> Requirement
A verbatim transcription of every record below is required.

> Listed records

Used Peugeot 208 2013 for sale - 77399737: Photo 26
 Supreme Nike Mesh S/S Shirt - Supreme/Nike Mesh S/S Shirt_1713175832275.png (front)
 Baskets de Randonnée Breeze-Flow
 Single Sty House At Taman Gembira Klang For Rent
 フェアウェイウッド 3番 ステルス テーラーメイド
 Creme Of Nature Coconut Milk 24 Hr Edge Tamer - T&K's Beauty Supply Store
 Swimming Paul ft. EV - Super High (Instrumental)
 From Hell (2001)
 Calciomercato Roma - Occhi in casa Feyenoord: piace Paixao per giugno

> Answer to this task
Used Peugeot 208 2013 for sale - 77399737: Photo 26
 Supreme Nike Mesh S/S Shirt - Supreme/Nike Mesh S/S Shirt_1713175832275.png (front)
 Baskets de Randonnée Breeze-Flow
 Single Sty House At Taman Gembira Klang For Rent
 フェアウェイウッド 3番 ステルス テーラーメイド
 Creme Of Nature Coconut Milk 24 Hr Edge Tamer - T&K's Beauty Supply Store
 Swimming Paul ft. EV - Super High (Instrumental)
 From Hell (2001)
 Calciomercato Roma - Occhi in casa Feyenoord: piace Paixao per giugno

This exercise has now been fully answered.